All of these wines have one thing in common: They’re made from a family of grapes found in the Mediterranean and Western Europe called, Muscat. The Muscat family has over 200 varieties, but about five or six main grapes that produce wines of high quality.
Moscato is simply the Italian name for the grape, and I suppose that the wine industry thought it was a sexier way to sell it to the masses: So that's the name you'll see most often.
In the past two years the beverage industry has gotten behind this grape and pushed real hard to make it the next big thing in wine, mostly because it can be grown anywhere and made into almost any style. Plus, it’s naturally grapey, musky and sweet like Welch’s grape juice, which is very amiable to the American palette.
The wine has taken off in the US. Just look on the store shelves and it’s pretty obvious we’re all in, “Muscat Love” (sorry for the 70’s pun).
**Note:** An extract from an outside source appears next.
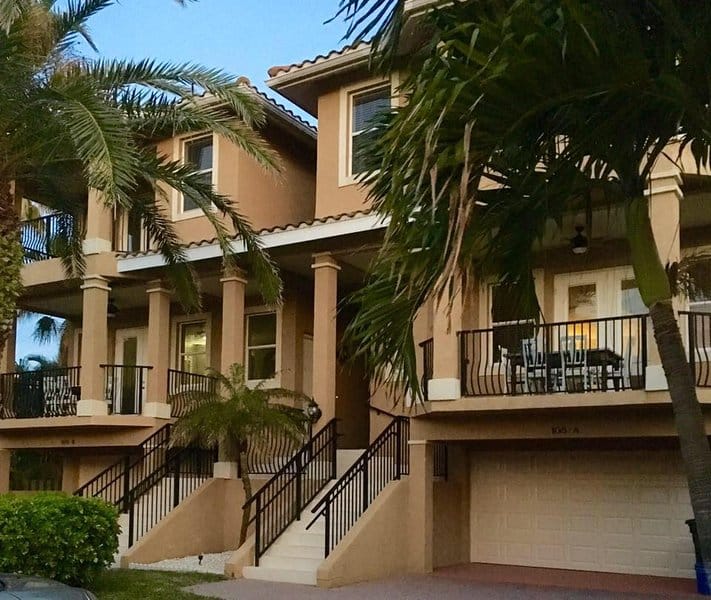 Well appointed, Anna Maria Beach Villa Has Internet Access and Parking ...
The Moscato we Americans are most familiar with is a sticky-sweet white or pink wine with various colors and fruit flavors added to it. In fact, it’s gotten pretty out of hand: My opinion is that this two-dimensional, confectionary approach is a very shallow representation of what the grape can do.
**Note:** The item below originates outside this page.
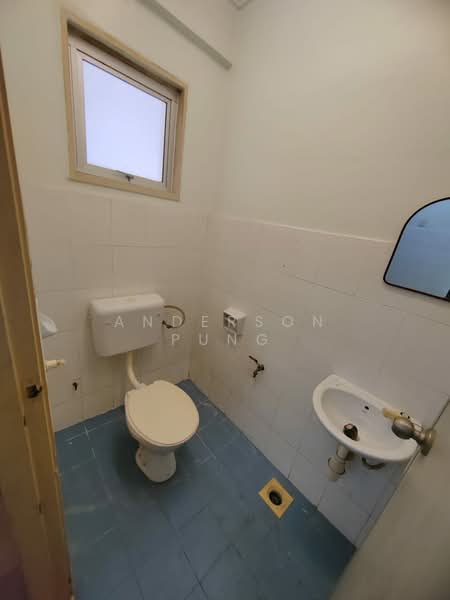 Pangsapuri untuk Dijual di Pangsapuri Seroja - Anderson Pung - Bathroom - PropertyGuru.com.my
If you’re interested in what Moscato looks like when she removes the makeup, false eyelashes and the Spanx, it’s even more beautiful than you could imagine. They’ve been making it for centuries in the region of northern France, near the France-Germany border, known as Alsace-Lorraine. It’s also used to make Asti Spumante (sparkling wine from the north of Italy).
In Alsace, winemakers almost always make dry wine: Alsatian Muscat is no exception. Cool nights in these low, rolling hills cause the grapes to ripen slowly and retain lots of acid, which makes the wines lean, mean and sharp. Alsatian producers use little to no oak in their wines, which means no tannins or soft, buttery flavors here. What you’re getting is a direct representation of the grape’s flavor with no interference from secondary influences.
The example I have here is from Trimbach, one of Alsace’s premier producers. It’s a 2009 vintage, which means it’s had some time to mellow in the bottle. Still, even after five years, this beauty is racy, with lots of mineral aromas (think flint and wet slate) that gives way to yellow grapefruit and chamomile. As it warms in the glass, more herbal tea-like character comes out and a bit of that grapey, musky attitude reveals itself.
The deceptive, lemon-lime aromas can mislead you to think it’s going to be a sweet wine, but alas, this Muscat is bone-dry. It hits you like a cool breeze, wakes you up, and then leaves you with a lingering finish of fresh citrus.
I think a wine like this would go well with a fruit appetizer, or seafood, probably light white fish and shellfish that have been dressed with lemon or lime. Fresh ceviche and shrimp scampi would jump to life in the presence of this wine, and it would probably compliment a roasted ham with pineapple, very nicely. If you’re feeling adventurous, try it with a slice of key lime pie, although that combo might prove too tart to handle.
If you’re keen to explore even further, look to Germany, where they often call it “Gelber Muskateller” and produce it in the sweet style, or in the north of Italy from Asti, where it’s used to make the sparkling wine Asti Spumante. The grape is also used worldwide to make late-harvest dessert wines that are super-sweet and unctuous.
What is your experience with Muscat/Moscato? Have you tried the dry European styles before, and if so, do you prefer the old school approach, or the new?